Given the uncertain financial environment, increasing regulatory requirements and ING’s priority to repurchase the remaining outstanding core Tier 1 securities, no interim dividend will be paid in 2011.

Important milestones reached

Commenting on the results, Jan Hommen, CEO of ING Group, said: “ING reached important milestones in the second quarter as we work towards the separation of the Group and the establishment of strong stand-alone banking and insurance companies. In May we paid EUR 3 billion (including EUR 1 billion premium) to the Dutch State, while maintaining strong capital buffers to withstand potential shocks given the uncertain economic environment.

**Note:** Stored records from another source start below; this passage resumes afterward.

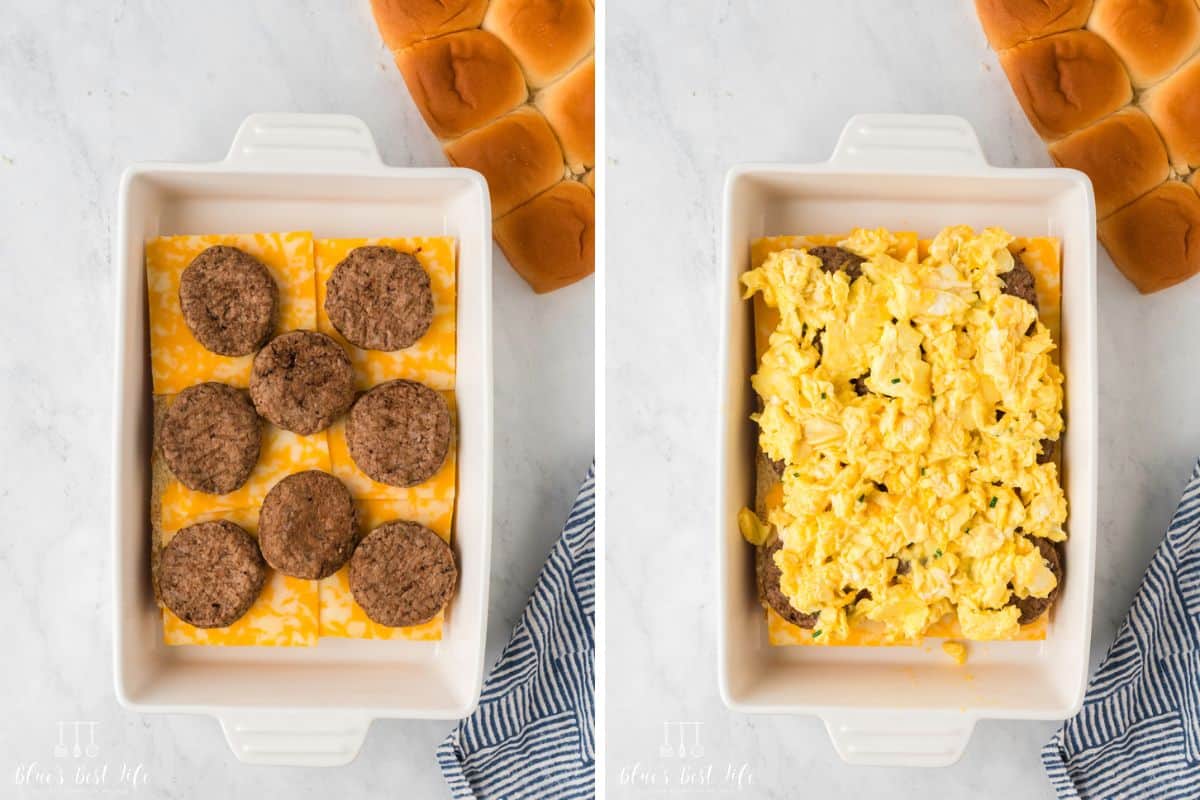 Side-by-side photo: Left: Adding the sausage on top of the Hawaiian Rolls, Colby Cheese, layers. Right: Add the scrambled eggs to the layer. 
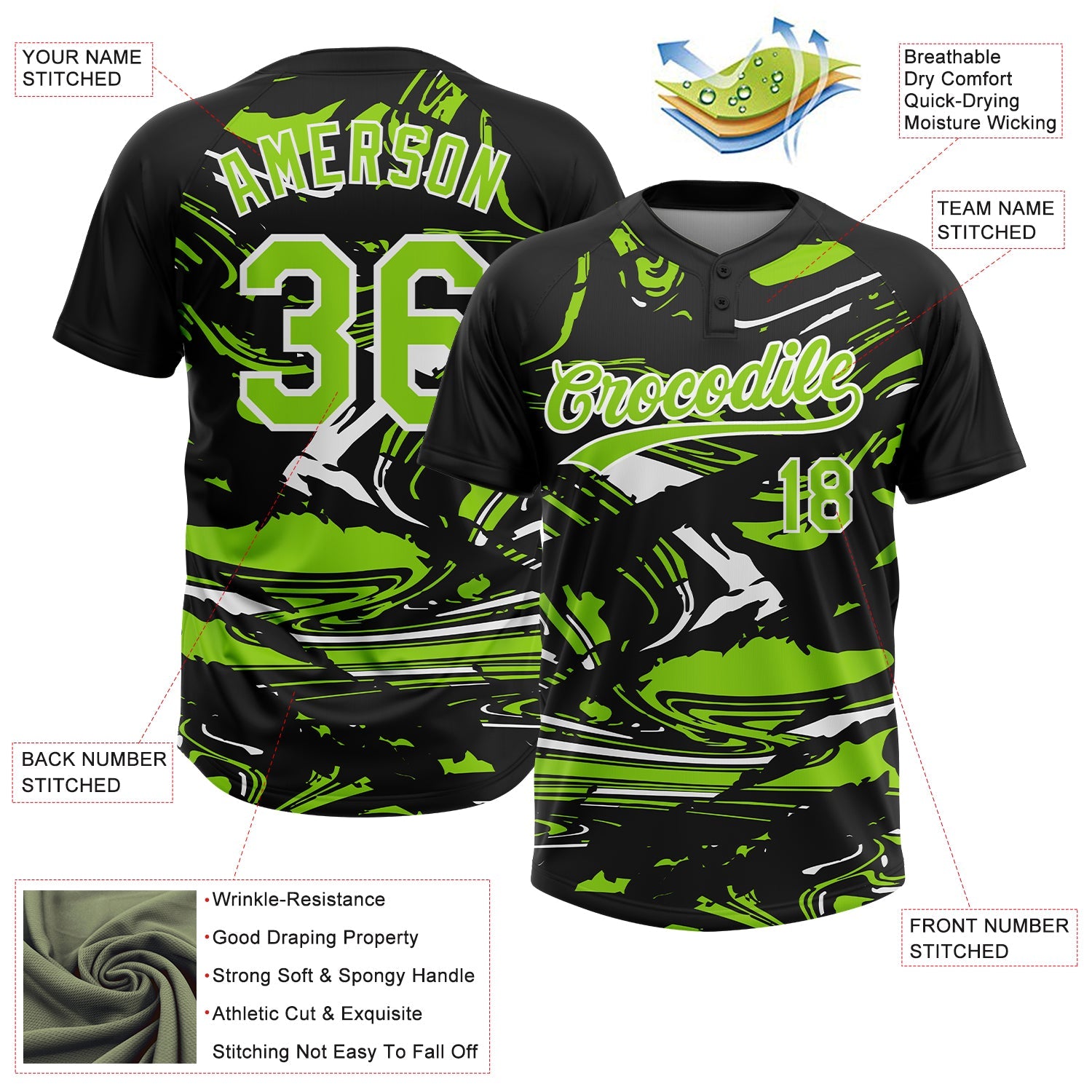 Custom Black Neon Green-White Raglan Sleeves Abstract Fluid Marble Two-Button Unisex Softball Jersey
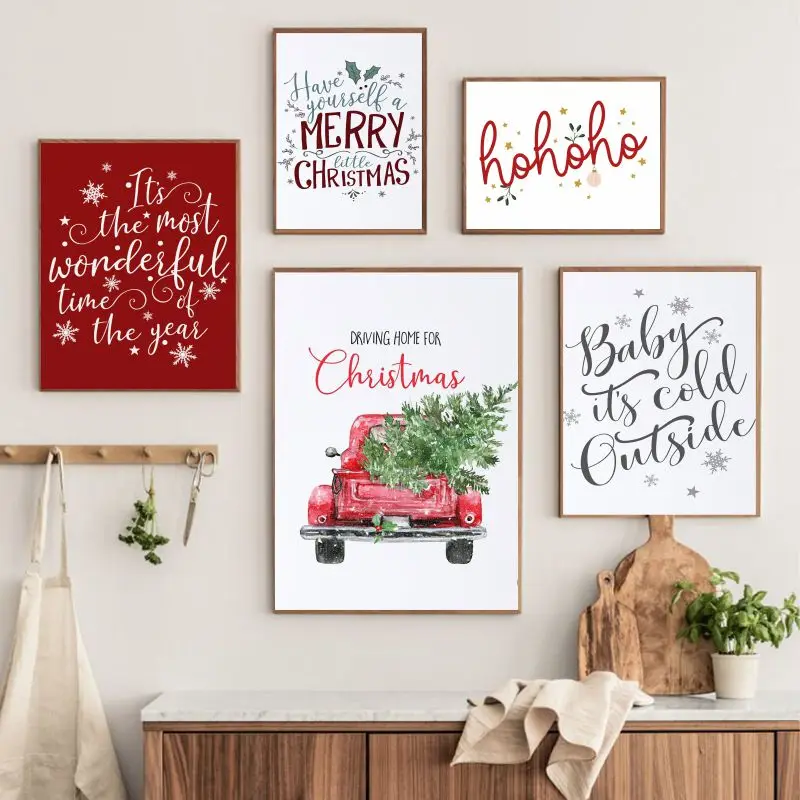 Noel noel dekoru Duvar Sanatı Posterler Baskılar Merry Christmas Ağacı Tuval Boyama Ev Dekorasyon Resimleri Yılbaşı Hediyeleri Görüntü 3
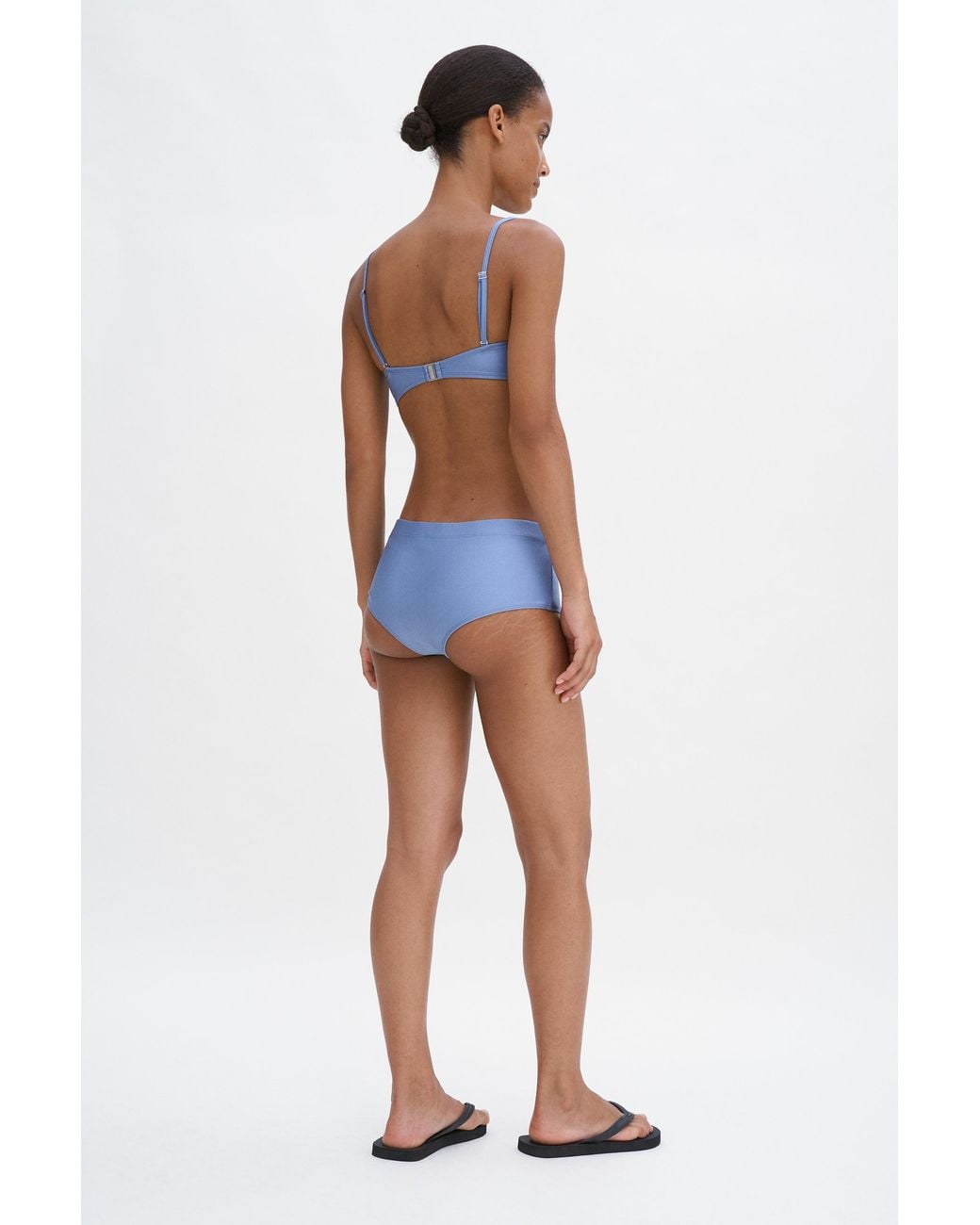 Filippa K Blue Shimmer Bandeau Bikini Top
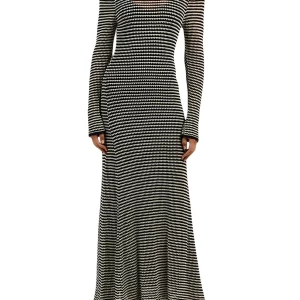 Y2K Grunge Style Striped Mesh Long Dress - Hollow-Out Crew Neck Beach Cover-Up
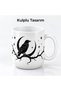 Raven and Crescent Patterned Porcelain Mug 300 ml Black and White Gothic Design Coffee and Tea Cup with Handle Gift - 3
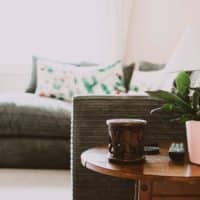 Warm and inviting living room featuring a cozy sofa, stylish decor, and natural light.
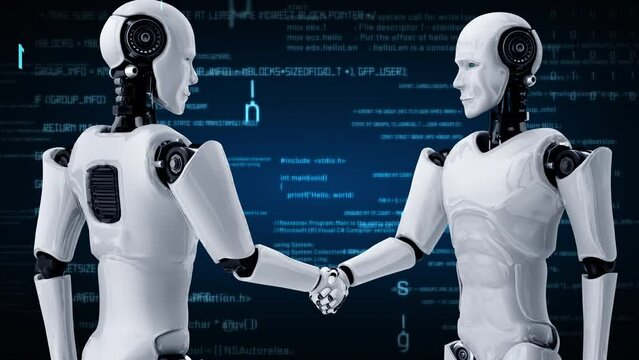 Futuristic robot artificial intelligence huminoid AI programming coding technology development and machine learning concept. Robotic bionic science research for future of human life. 3D rendering.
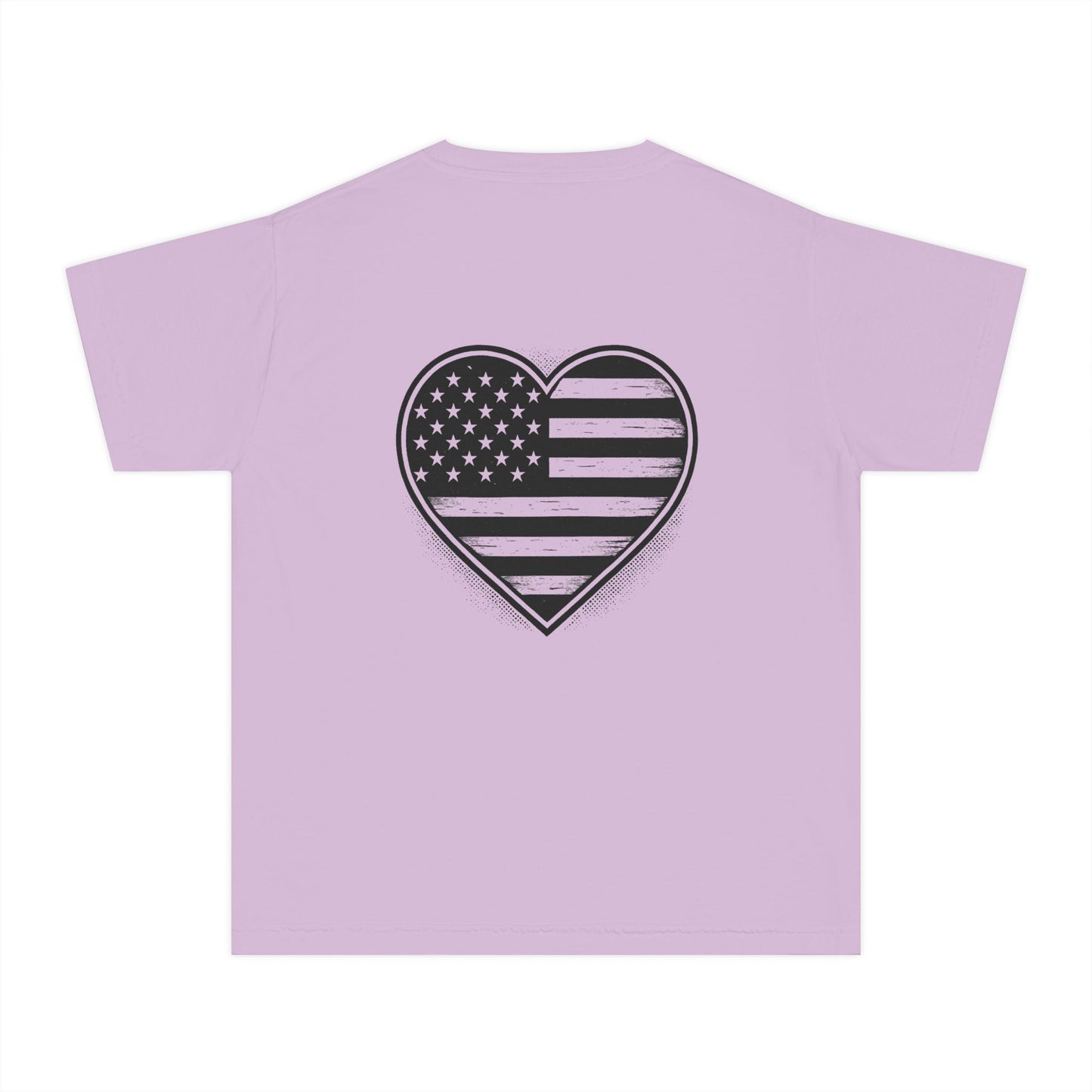 Youth Tee — 'ROOTS' Front Logo & Distressed American Flag Heart Back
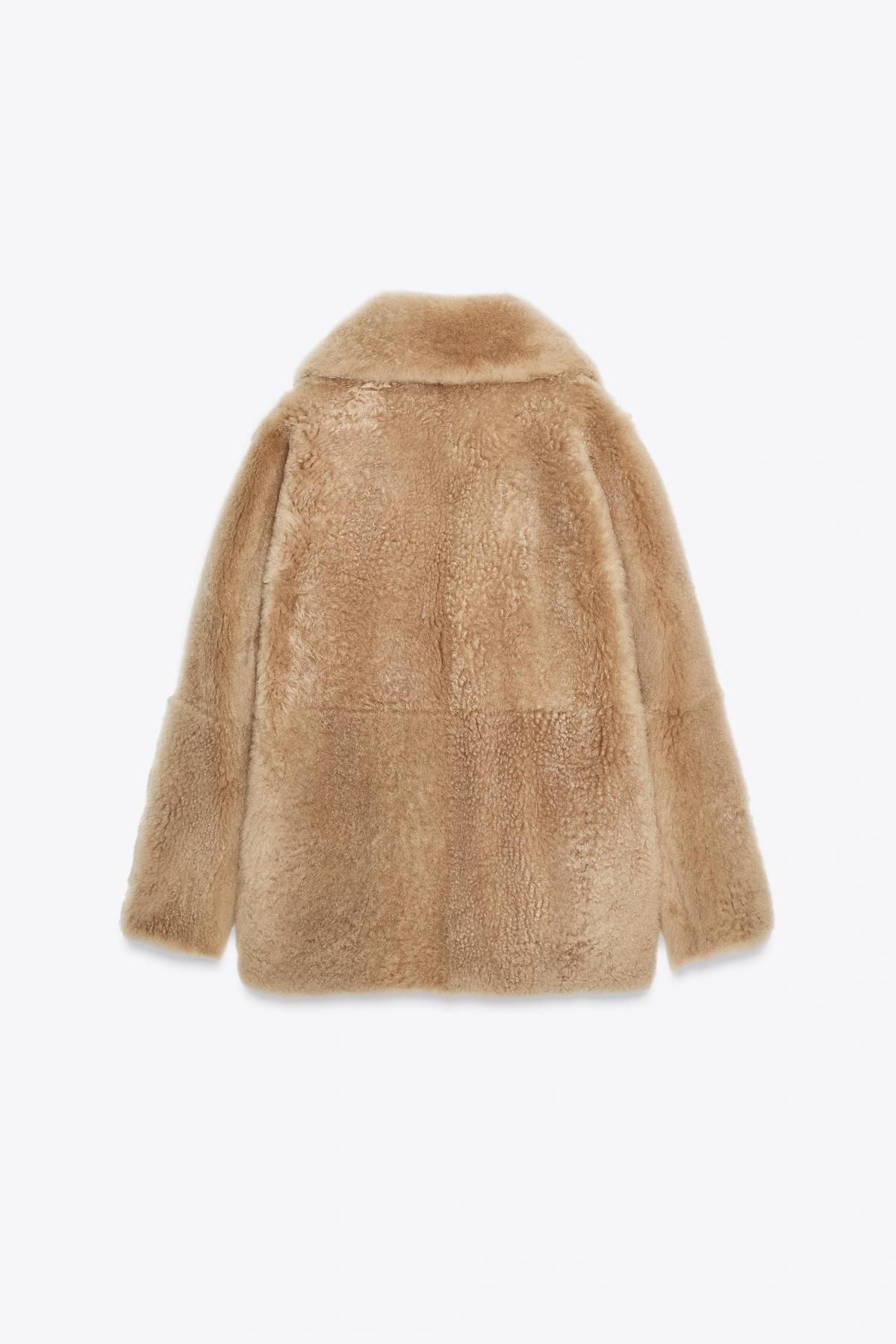 자라 프리미엄 내추럴 시어링 코트 2297/041 BEIGE - 상세 이미지 5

We reached an agreement to sell ING Direct USA, meeting one of the principal restructuring requirements imposed by the European Commission. And last week we announced an agreement to sell our Latin American life and pension business for EUR 2.7 billion, marking the first major step in the divestment of the Insurance and Investment Management activities.

“The US and European & Asian insurance businesses are making good progress on performance improvement initiatives as they prepare for separate IPOs. The operating profit for Insurance increased compared with a year ago, as measures to improve returns continue to gain momentum. The Bank posted another strong quarter, as margins held up well and we continued to grow volumes in savings and lending despite the challenging operating conditions in the second quarter. As the economic environment and financial markets remain uncertain, we will reinforce our vigilance on costs by focusing on structural improvements in our processes and organisation, while continuing to invest responsibly in the growth of our franchises for the long-term benefit of our customers.”

Bank records solid second quarter

ING Bank recorded a solid second quarter, although the underlying result before tax was down on the same period last year and the first quarter, largely due to impairments on Greek government bonds 1. Underlying result before tax of EUR 1,304 million was 18.9% lower on the same quarter last year and down 23.1% on the very robust first quarter.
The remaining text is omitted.